In this case there is no dispute that the evidence of uncharged acts was admissible. However, the State has not, either at trial or on appeal, clearly articulated the precise use of the evidence which was permissible, and its position on appeal appears somewhat contradictory. The appellant also does not identify what he accepts to be the relevance of the evidence beyond referring to 'context', which (as noted above) is a label which may be employed to evidence used for a variety of different purposes.
It is common ground that the evidence of uncharged acts was not admitted or sought to be used under s 31A of the Evidence Act. The relevance of the evidence must therefore be assessed by reference to the common law.
To the extent that the evidence concerned uncharged acts occurring on the same occasion as charged acts, evidence of uncharged acts would be admissible as part of the res gestae. It would provide context in the sense of describing the acts of the appellant which occurred at the same time as the charged acts.
This does not appear to be a case where the evidence of uncharged acts was relevant to explain why H and T did not recall more details of the offending. It does not appear to have been asserted by the State (in contrast to the position in Hill) that the offending was so regular that 'all the incidents blend into one another for the complainants'. Nor, at least in the case of T, was the evidence admissible on the basis that the normalisation of the sexual abuse for the complainants explains the absence of a complaint.

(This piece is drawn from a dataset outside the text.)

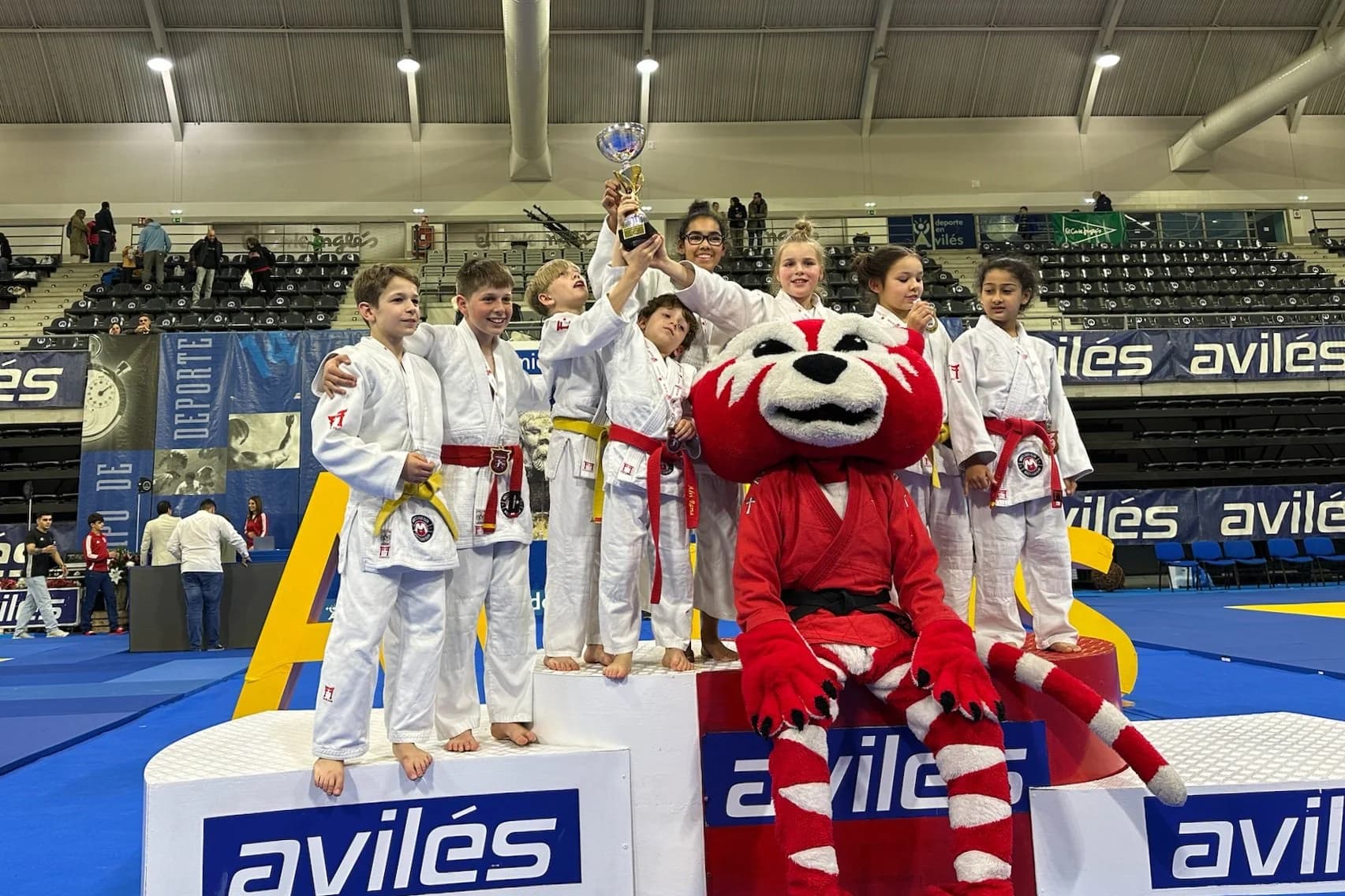 Mike's Judo Club logo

Here the evidence was not of uncharged acts occurring so frequently so as to normalise the conduct, and there was a recent complaint by T to her mother.
As noted in Dann, evidence of the prior demonstration of sexual interest in a complainant at a time proximate to the alleged offending may be admissible circumstantial evidence at common law. This is on the basis that the existence of that sexual interest makes it more likely that the accused person engaged in sexual conduct with the complainant on the charged occasion. That is, evidence of uncharged acts may be evidence of motive to engage in the charged conduct, which may form part of the State's circumstantial case. However, the use of the evidence of uncharged acts in this manner has not been identified by either party.

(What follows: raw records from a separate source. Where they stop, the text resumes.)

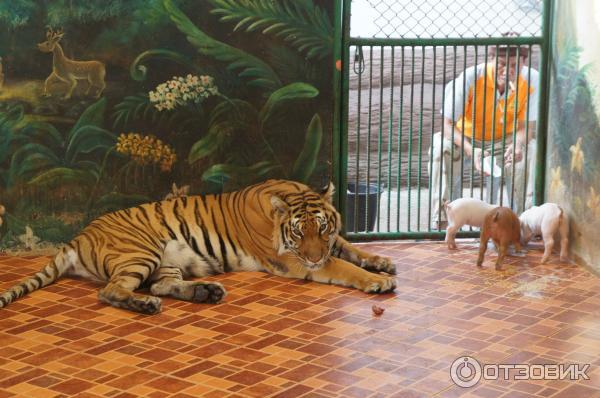 Тигровый зоопарк Sriracha Tiger Zoo (Тайланд, Паттайя) фото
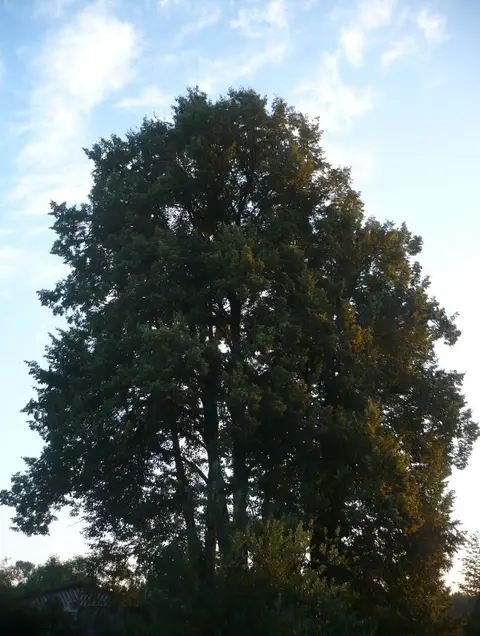 1. úkol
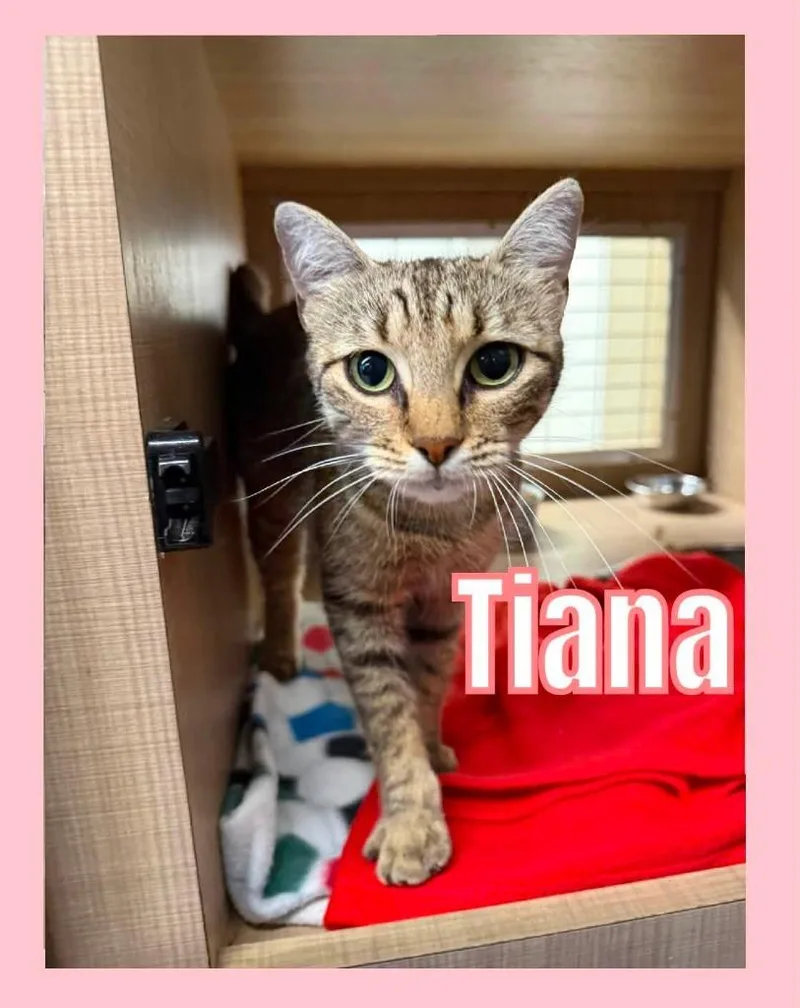 Tiana thumbnail 3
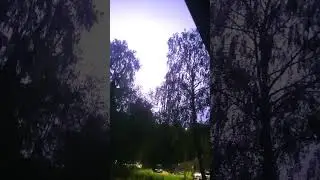 5 июля 2024 г.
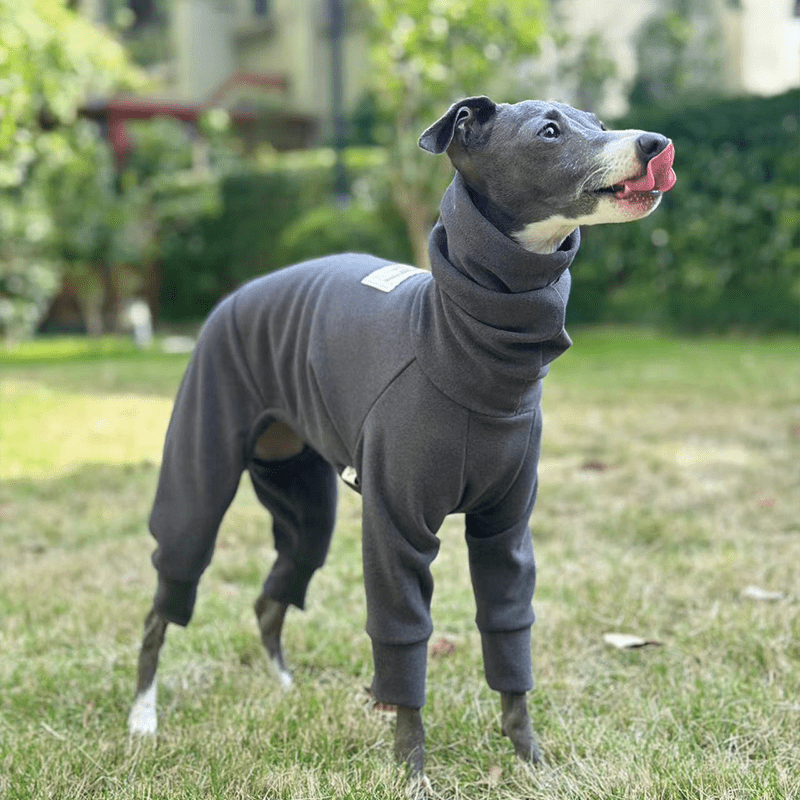 Fleece Warm Onesies Italian greyhound Dog Clothes Gray - PIKAPIKA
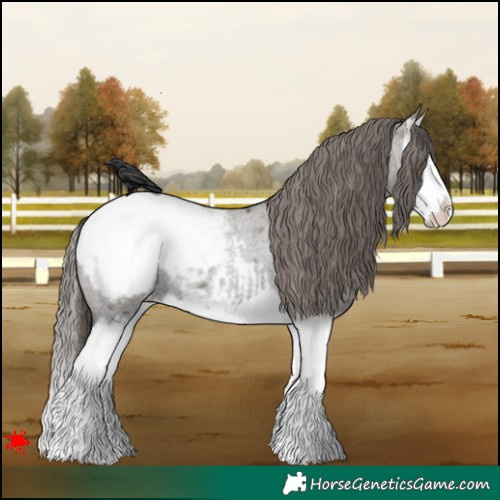 Horse Color:Grullo Roan Splash Appaloosa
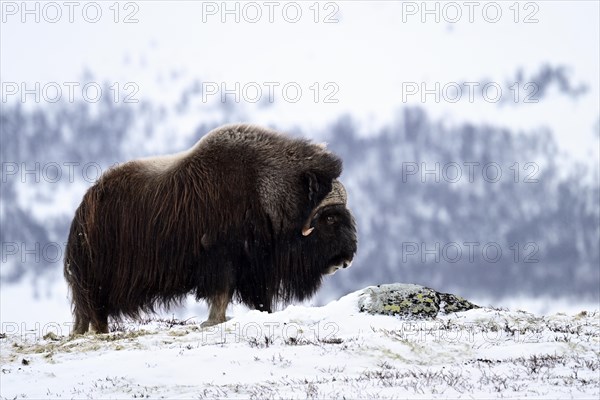 Musk ox (Ovibos moschatus) in the snow, Dovrefjell-Sunndalsfjella National Park, Norway, Europe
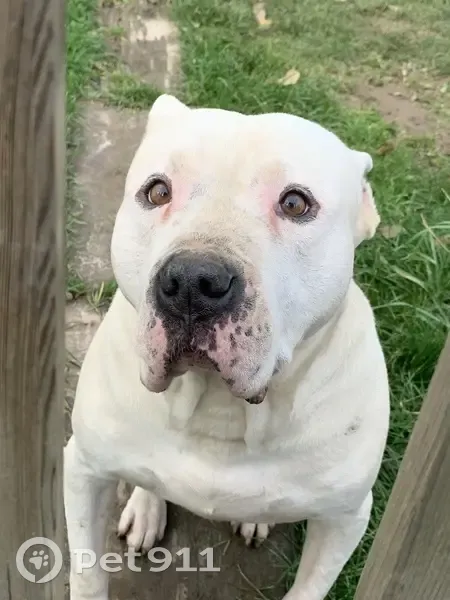 Пропал собака, Жуковка, Московская область - белый стаффордширский терьер - photo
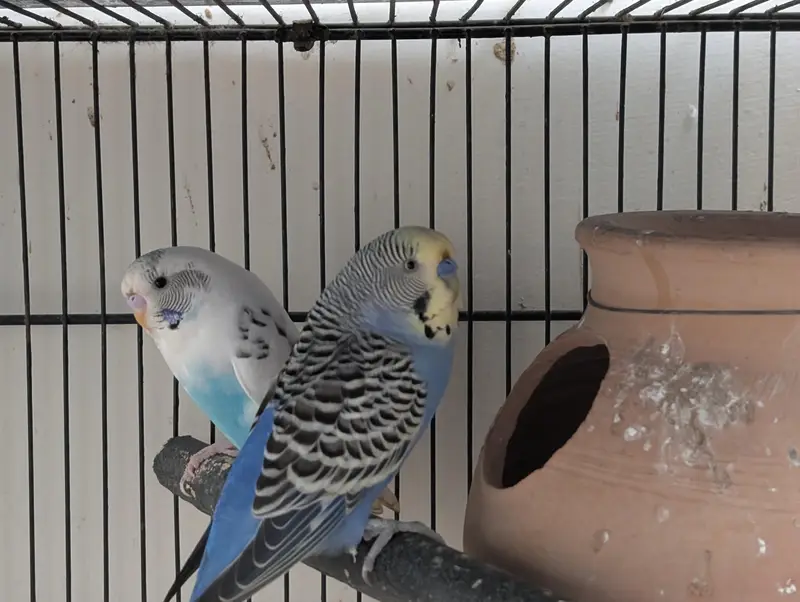 3 pair hai budgie ke — photo 2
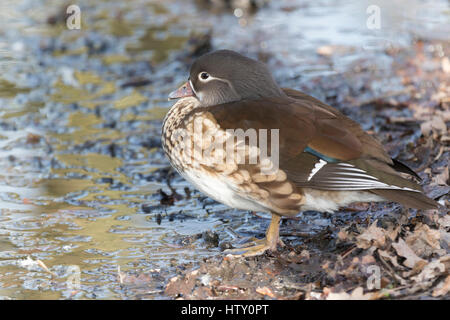 Weibliche Mandarinente (Aix Galericulata) bei Trent Country Park. Hockende Ente. Stockfoto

Despite the lack of clarity as to the parties' positions concerning the permissible use of evidence of the uncharged acts, there is common ground in this appeal as to an impermissible use of the evidence. It is common ground that the evidence was not admitted or sought to be used as propensity evidence under s 31A of the Evidence Act.

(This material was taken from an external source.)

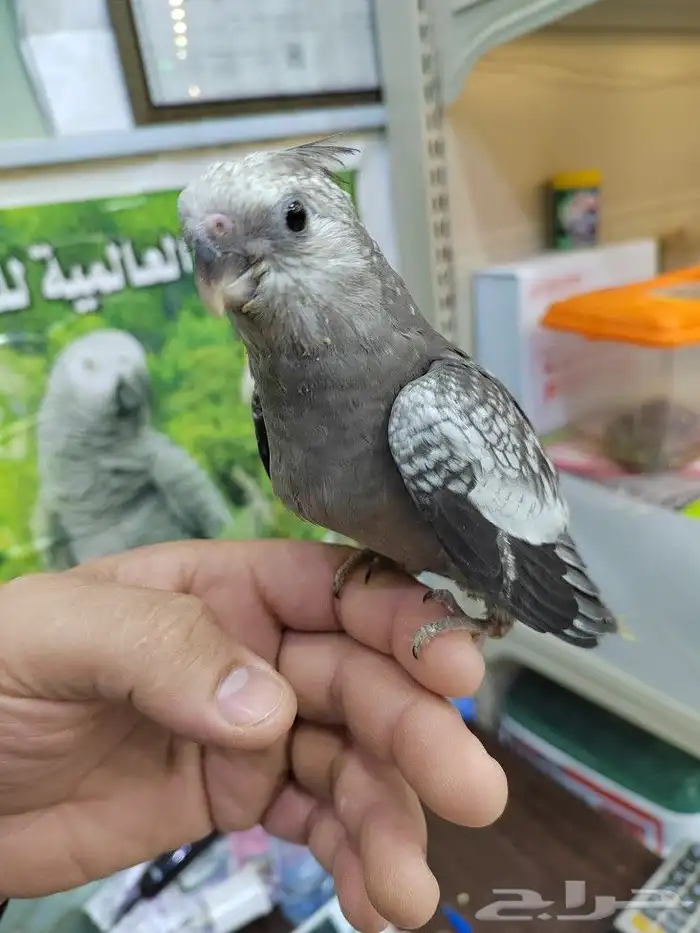 فروخ كروان البينو ولاتينو وهولندي 9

It may be that the evidence of the uncharged acts in the present case was admissible as propensity evidence under s 31A of the Evidence Act. However, it is unnecessary to consider that issue because it is common ground that the evidence of uncharged acts was not admitted under s 31A even if it could have been admitted on that basis. Further, the appellant's trial counsel would reasonably have understood from the discussion noted at [148] - [150] above that the State was not relying on the evidence of uncharged acts as propensity evidence, and that the jury would be so directed by the trial judge. No doubt, the appellant's trial counsel acted in reliance on that understanding in formulating her closing address to the jury. It would be unfair for this court to now adopt a different approach on appeal.
There is also no suggestion that the evidence of uncharged acts was admissible as propensity evidence at common law.[183]
[183] As to which see Pfennig v The Queen [1995] HCA 7; (1995) 182 CLR 461.
Having regard to the parties' positions and the course of the trial, it is appropriate for this court to proceed on the basis that:
(1)the evidence of the appellant's uncharged acts was not admitted as propensity evidence and could not properly have been used by the jury for that purpose; and
(2)a direction to the jury that they must not adopt propensity reasoning in relation to the evidence of uncharged acts would have been required if there was a real and not remote possibility that the jury might adopt that reasoning without a direction.
Prospect that the jury might adopt propensity reasoning
In our view, in the circumstances of this case, there was a real and not remote possibility that the jury might adopt propensity reasoning in relation to the evidence of uncharged acts.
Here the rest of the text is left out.